Apalagi, lanjutnya, banyak pengusaha besar yang juga memiliki media-media sendiri. Transaksi bisa dilakukan dengan menukar iklan perusahaan di media-media mainstream tersebut.

“Sebagai contoh misalkan saya pemilik perusahaan PT. Angin ribut, saya akan bargaining dengan media tertentu untuk sesering mungkin memberitakan politisi yang saya dukung untuk menaikan popularitas dan elektabilitas, sebagai timbal baliknya saya akan sering memasang iklan perusahaan saya di media mainstream disebut,” imbuhnya mencontohkan.

Jadi, kata Bastian, transaksi antara politisi dengan media untuk mengangkat popularitas maupun elektabilitas sebenarnya wajar-wajar saja.

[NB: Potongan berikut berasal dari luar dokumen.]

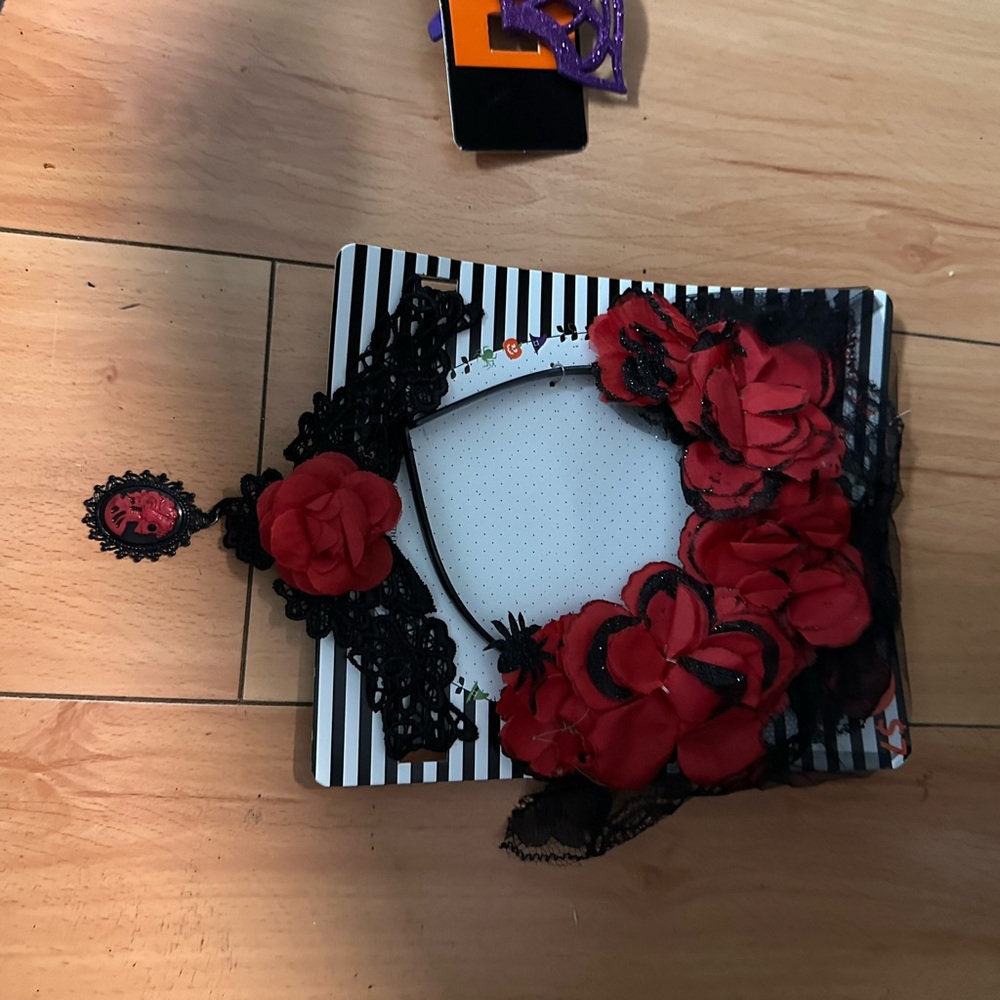 Halloween Day of the Dead Floral Accessories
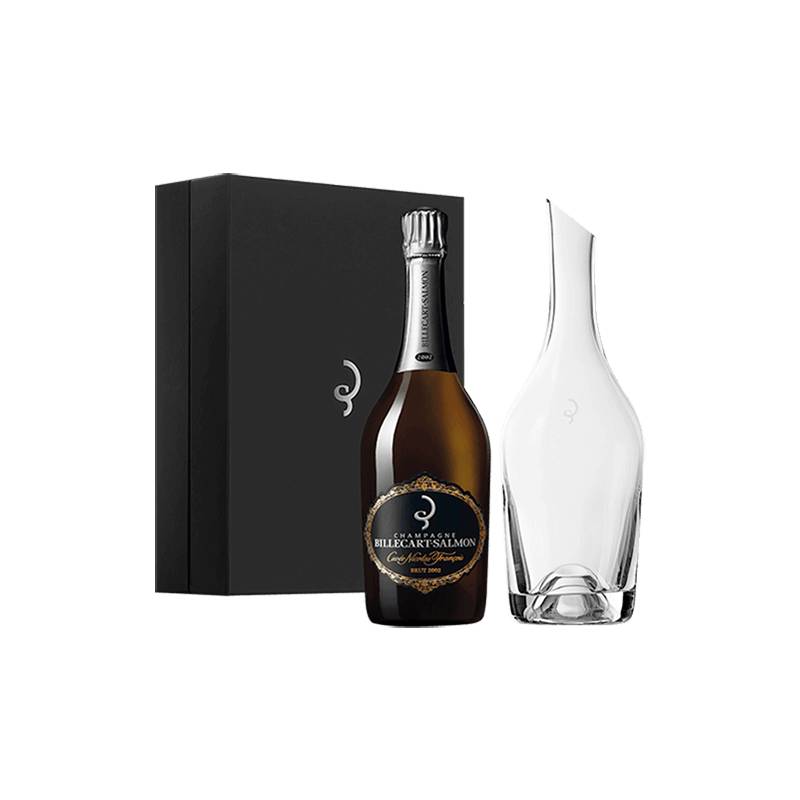 Billecart-Salmon : Coffret Carafe Cuvée Nicolas François Billecart 2002 von Billecart-Salmon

Asalkan media tetap pada posisi netral dan rubrik tentang politisi yang diangkat di media harus diberikan keterangan sebagai iklan, sehingga masyarakat pembaca bisa membedakan yang mana yang berita yang mana yang iklan.

“Iklan yang menyamar sebagai berita bisa dikategorikan sebagai pembohongan publik, karena sifat iklan selalu subyektif, menghebat-hebatkan, mengagung-agungkan pemasang iklan,” cetus Bastian.

Jadi, lanjutnya, sangat beberbahaya jika media mainstream secara subjektif menghebat-hebatkan atau mengagung-agungkan politisi dengan kedok berita, karena dampaknya bisa sangat menyesatkan, coba bayangkan apa yang terjadi jika ada politisi korup yang didukung pengusaha pemasang iklan, mencitrakan politisi korup tersebut sebagai orang yang anti korupsi, jika ia terpilih maka dampaknya bisa sangat menghancurkan bangsa dan negara kedepannya.

“Seperti inilah kerjaannya Hacker Demokrasi, harus segera di hentikan. Dewan pers seharusnya bisa menindak media-media mainstream yang melakukan hal-hal seperti yang saya maksud di atas tadi, agar masyarakat tidak tertipu lagi dengan iklan yang berkedok berita,” seru Bastian mengakhiri.